## INPUT
+---+
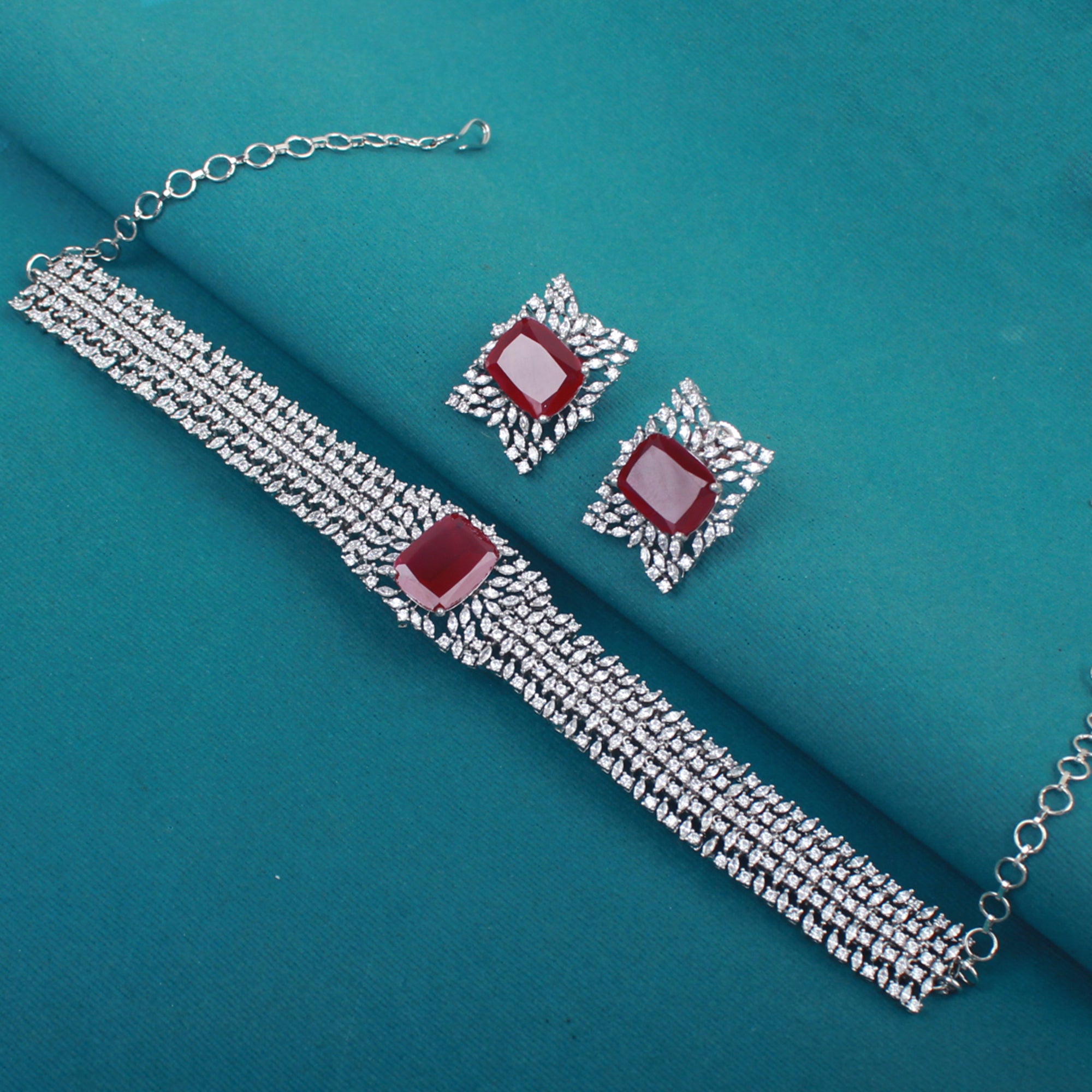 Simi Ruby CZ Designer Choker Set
+---+
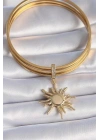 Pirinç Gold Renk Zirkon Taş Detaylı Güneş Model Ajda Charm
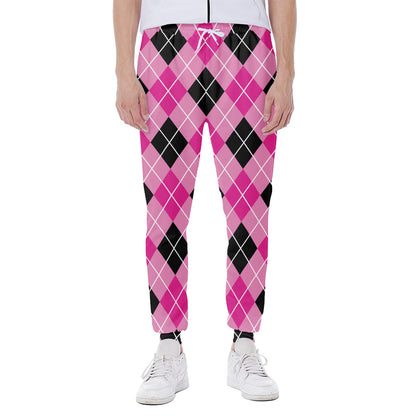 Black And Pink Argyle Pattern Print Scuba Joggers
+---+
Extract the part of the records that opens with the line containing "Pirinç Gold Renk" and closes with the line containing "Black And Pink". Take only those lines, exactly, and no pictures.

 Pirinç Gold Renk Zirkon Taş Detaylı Güneş Model Ajda Charm
 Black And Pink Argyle Pattern Print Scuba Joggers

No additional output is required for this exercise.